The program that we have created is, as far as we are aware, the only clinical system designed to run under Windows 95™ / Windows NT™. We use NT on the main server, a 200MHz Pentium; most of the other machines are 133MHz Pentiums, with a mixture of 486 DX2/DX4 platforms also connected. All workstations run Windows 95™. The program has a fully configurable appointments system, and was written to RFA 3 specifications.

Several parts of the program have been implemented by using ‘off-the-shelf’ components. We will use the eBNF as our prescribing reference, though the program contains a configurable formulary. Similarly, we will use a Read Code browser provided by CAMS, rather than programming all Read codes into the system. Users will be able to type in Read codes directly, or select them from configurable ‘folders’ within the program – for example, common codes such as ‘Hypertension’, ‘Maturity onset diabetes’, etc., can be stored in a folder entitled ‘Common conditions’, and these Read codes can by inserted into patient records as required. The screen-shot below shows the entry of a new Read code item. The top half of the screen shows two grids, one on the left listing the Read code folders, and one on the right showing the contents of the currently selected folder. To enter a Read code, simply select one from the appropriate folder and click the ‘Apply’ button. Alternatively, details can be typed into the boxes in the lower part of the screen, but it is obviously far faster to use the folders. This will result in a selected subset of Read codes being used, which we hope will result in more coherent entry of data.

Adding a new entry

Another item that we have decided not to write ourselves is the Links module. We have decided to buy the VAMP stand-alone Links program, and will configure our program to identify new items of service, registration details, etc., and to write them into a text file; the VAMP program will then read this text file, prepare and conduct transmissions, and write incoming data to a similar text file, which can then be read by our program.

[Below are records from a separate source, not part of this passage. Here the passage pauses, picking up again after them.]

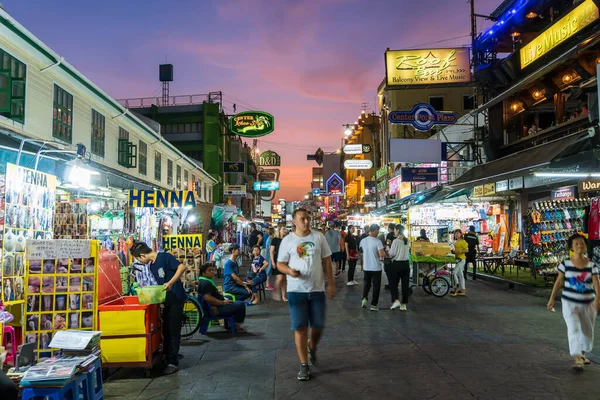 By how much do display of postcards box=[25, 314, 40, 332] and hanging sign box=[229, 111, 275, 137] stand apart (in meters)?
17.9

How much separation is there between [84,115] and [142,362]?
36.0ft

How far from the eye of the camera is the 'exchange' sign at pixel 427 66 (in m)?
21.4

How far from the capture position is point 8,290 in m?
6.26

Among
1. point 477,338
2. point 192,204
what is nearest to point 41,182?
point 192,204

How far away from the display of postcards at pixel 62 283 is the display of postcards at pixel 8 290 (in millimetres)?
630

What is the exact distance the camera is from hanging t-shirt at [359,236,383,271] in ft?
36.6

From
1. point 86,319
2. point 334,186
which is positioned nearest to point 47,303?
point 86,319

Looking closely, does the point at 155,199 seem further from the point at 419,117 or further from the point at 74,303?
the point at 419,117

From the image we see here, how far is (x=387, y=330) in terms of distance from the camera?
8.89 m

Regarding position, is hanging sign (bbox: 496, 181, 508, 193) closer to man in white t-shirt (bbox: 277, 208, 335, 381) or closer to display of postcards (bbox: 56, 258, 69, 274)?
man in white t-shirt (bbox: 277, 208, 335, 381)

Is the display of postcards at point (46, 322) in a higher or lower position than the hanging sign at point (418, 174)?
lower

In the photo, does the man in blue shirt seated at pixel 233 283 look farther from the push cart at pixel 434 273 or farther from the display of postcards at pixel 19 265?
the push cart at pixel 434 273

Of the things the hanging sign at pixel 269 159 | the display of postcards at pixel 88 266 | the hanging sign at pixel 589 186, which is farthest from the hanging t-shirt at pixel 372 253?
the hanging sign at pixel 269 159

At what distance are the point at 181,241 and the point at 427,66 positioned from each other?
13.9m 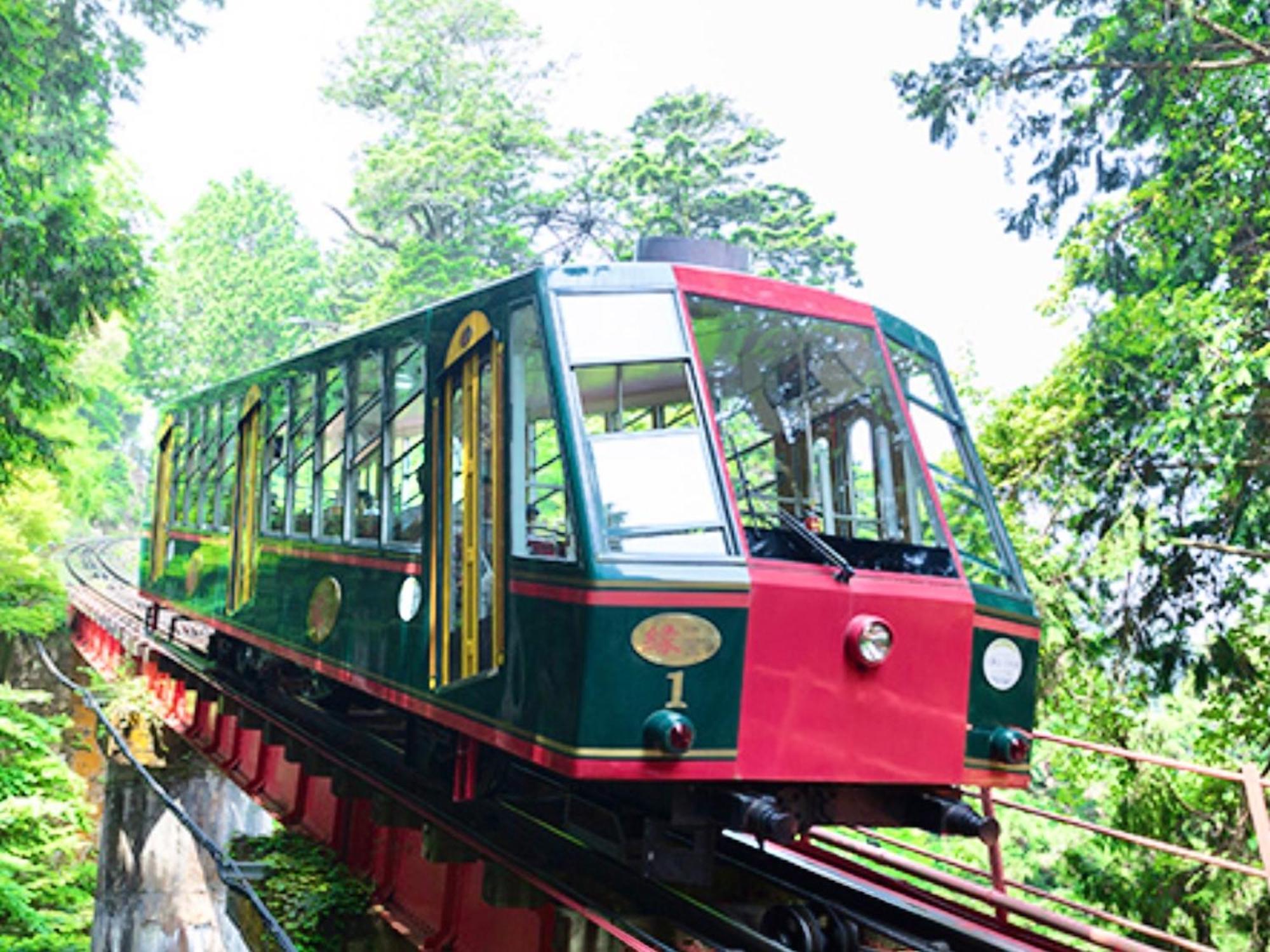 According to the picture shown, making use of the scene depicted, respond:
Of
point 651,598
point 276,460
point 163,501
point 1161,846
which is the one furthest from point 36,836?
point 1161,846

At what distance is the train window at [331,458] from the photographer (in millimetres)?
8375

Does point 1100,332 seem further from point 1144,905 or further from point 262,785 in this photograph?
point 262,785

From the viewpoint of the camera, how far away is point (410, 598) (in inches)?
278

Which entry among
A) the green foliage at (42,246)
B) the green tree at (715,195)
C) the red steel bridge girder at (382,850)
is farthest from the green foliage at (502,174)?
the red steel bridge girder at (382,850)

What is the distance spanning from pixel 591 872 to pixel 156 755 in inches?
399

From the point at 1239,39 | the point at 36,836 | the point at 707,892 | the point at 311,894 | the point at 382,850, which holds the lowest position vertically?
the point at 36,836

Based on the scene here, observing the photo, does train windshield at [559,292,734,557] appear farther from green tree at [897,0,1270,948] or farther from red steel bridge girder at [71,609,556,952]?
green tree at [897,0,1270,948]

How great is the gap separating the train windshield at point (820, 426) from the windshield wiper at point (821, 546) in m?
0.15

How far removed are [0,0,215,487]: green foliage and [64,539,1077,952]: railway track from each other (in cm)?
636

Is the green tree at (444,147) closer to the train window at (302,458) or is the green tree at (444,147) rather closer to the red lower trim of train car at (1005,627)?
the train window at (302,458)

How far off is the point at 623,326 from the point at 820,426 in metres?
1.20

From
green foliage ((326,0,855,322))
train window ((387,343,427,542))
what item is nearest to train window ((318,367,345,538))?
train window ((387,343,427,542))

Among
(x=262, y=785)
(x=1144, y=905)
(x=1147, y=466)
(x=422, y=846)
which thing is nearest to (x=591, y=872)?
(x=422, y=846)

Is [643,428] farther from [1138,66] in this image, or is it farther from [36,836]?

In future, we will use a similar arrangement for pathology links.

The main disadvantage of this system is that we are very much ‘on our own’. Any problems that arise will have to be fixed by ourselves, with whatever help we can obtain. In this respect, we have already benefited greatly from a semi-formal network of Delphi developers, one of whom has very kindly helped us with converting our existing data into its new format. The advantages of our new system, though, are numerous. We have devised a system that precisely suits our needs and the way in which we work, and all members of staff have contributed to its design – for example, the reception staff played a large part in designing the appointments system. This level of ‘end-user input’ is probably unique. We will no longer have to pay large amounts for support services that often fail to deliver, and have in place an excellent network of up-to-date computers, with hardware support by a local firm that is literally next door to the surgery. Even if our system founders, the investment in hardware will stand us in good stead for implementing any new system.

The cost of the system has been substantial, mainly revolving around the hardware. The new cables and hub cost a little over £2,000, and purchasing nine new Pentiums and upgrading five old 486s to 16Mb RAM cost about £12,000; this figure includes the purchase of Windows NT™ server V4, together with enough licences to set up the network. Software costs have also been considerable: a multi-user licence for Delphi was required, together with a multi-user licence for the eBNF and a single-site licence for the Read Codes system. Links costs are additional to this, but are currently 100% reimbursible. So, the cost overall has been about £15,000, which is 50% reimbursable. There is also a ‘hidden cost’, the time spent on writing the program – this was done by employing a locum once a week, and spending long hours in the evenings and at weekends and holidays. Nevertheless, the cost has been substantially less than that of buying any commercial Windows™-based system. Also, given that there will be no heavy annual software support costs, we estimate that we will be ‘in profit’ compared to our previous system within three years, and will have all our new hardware in place into the bargain.